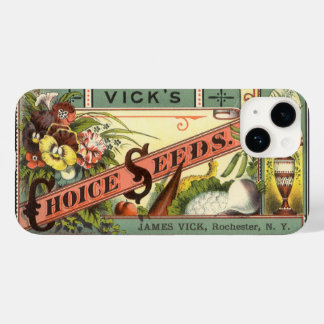 Vintage Seed Packet Label Art, Vick's Choice Seeds Case-Mate iPhone 14 Case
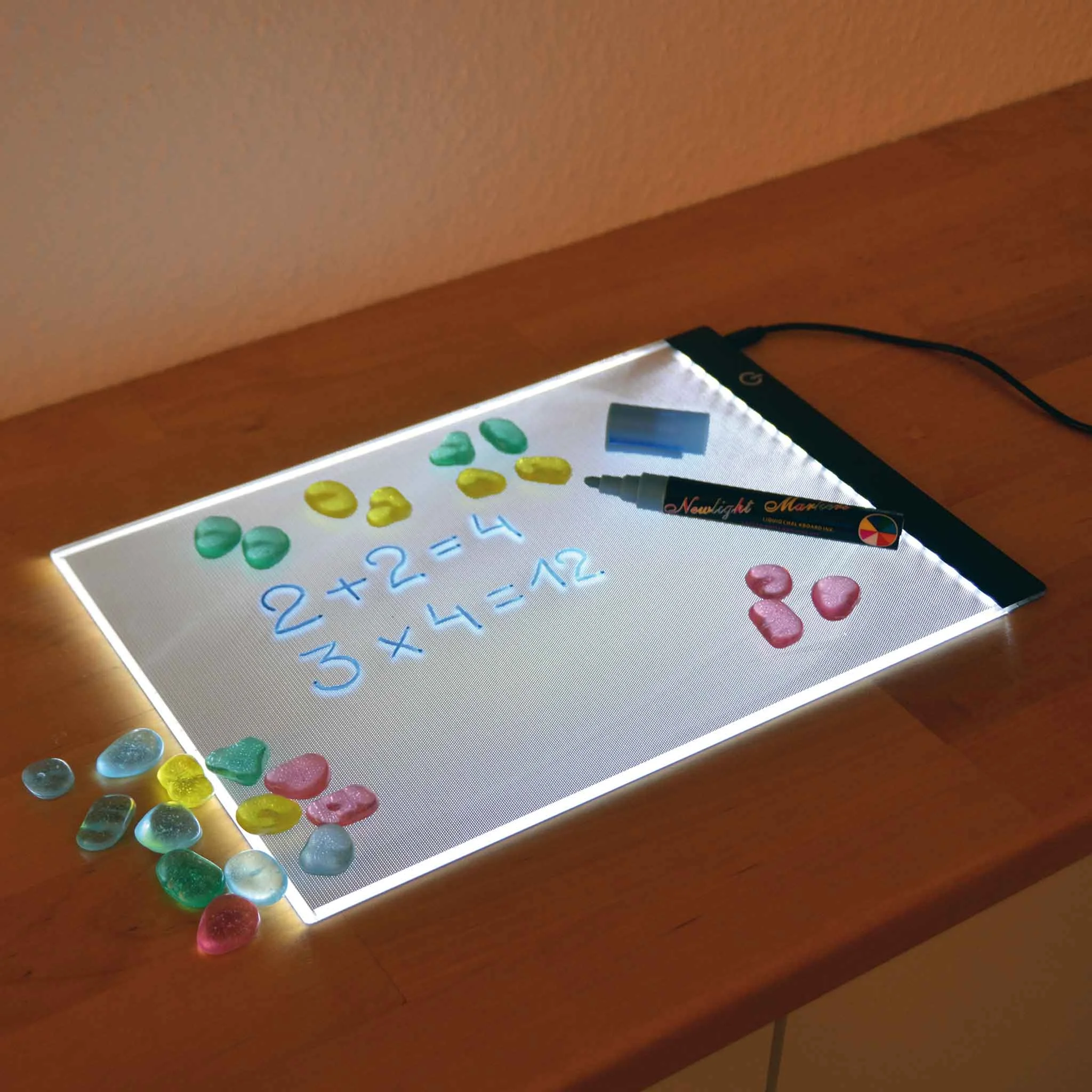 LED-Board, Light Panel, Dry-erase, Multicolor gems, Marker pen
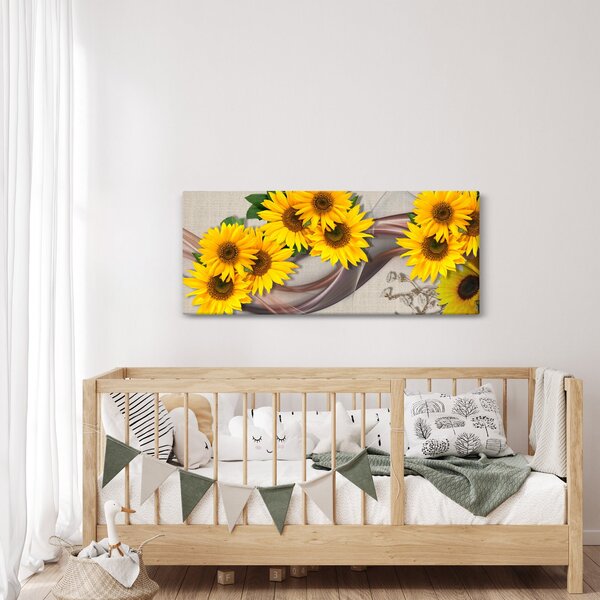 Kép - Ragyogó napraforgó virágok (120x50 cm)
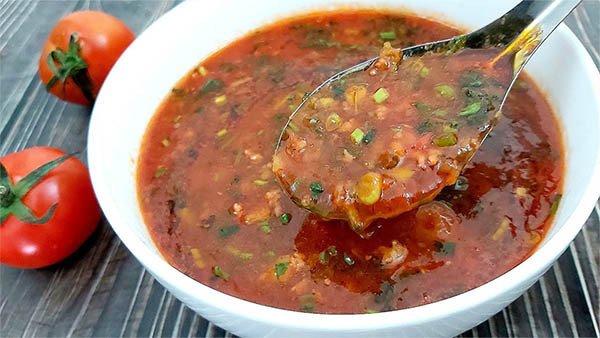 Nước sốt bánh mì chả lụa hoàn thành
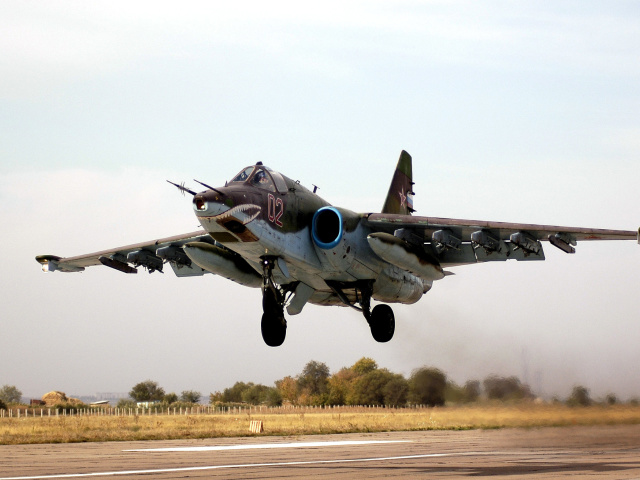 Обои Sukhoi Su 25 Frogfoot Ground Attack Aircraft 640x480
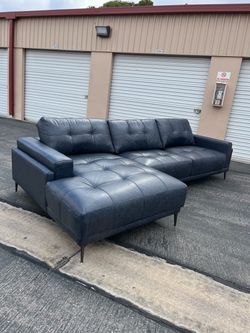 ✨ 2-Piece Blue Gray Leather Chaise Sectional Sofa ✨ ($10 delivery )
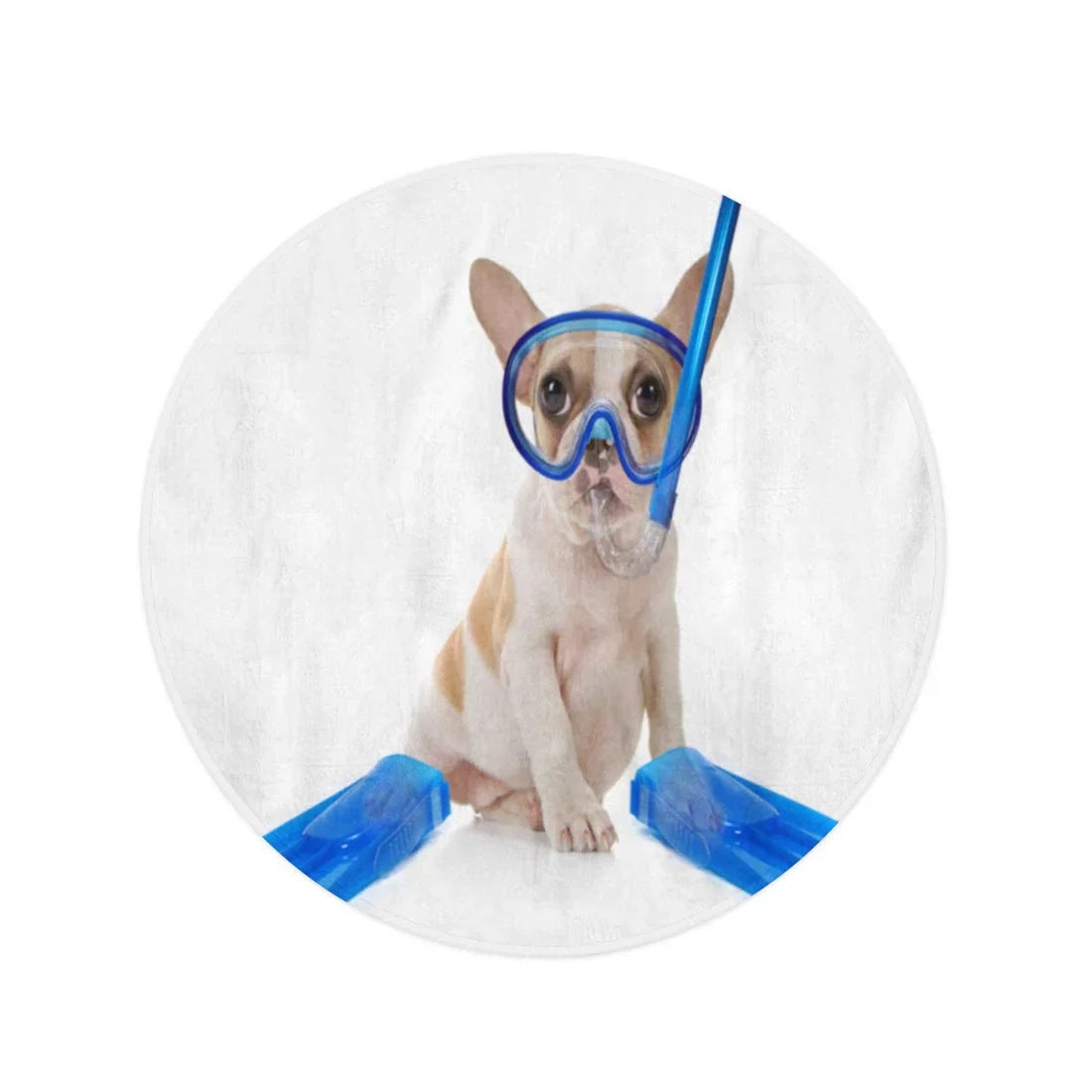 60 inch Round Beach Towel Blanket Sitting Puppy Dog Snorkeling Gear of Mask Fins Studio Travel Circle Circular Towels Mat Tapestry Beach Throw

• • • • • • •

- **Your goal**: Every line of the data should be transcribed exactly. Omit the images.

- **Output**:
 Vintage Seed Packet Label Art, Vick's Choice Seeds Case-Mate iPhone 14 Case
 LED-Board, Light Panel, Dry-erase, Multicolor gems, Marker pen
 Kép - Ragyogó napraforgó virágok (120x50 cm)
 Nước sốt bánh mì chả lụa hoàn thành
 Обои Sukhoi Su 25 Frogfoot Ground Attack Aircraft 640x480
 ✨ 2-Piece Blue Gray Leather Chaise Sectional Sofa ✨ ($10 delivery )
 60 inch Round Beach Towel Blanket Sitting Puppy Dog Snorkeling Gear of Mask Fins Studio Travel Circle Circular Towels Mat Tapestry Beach Throw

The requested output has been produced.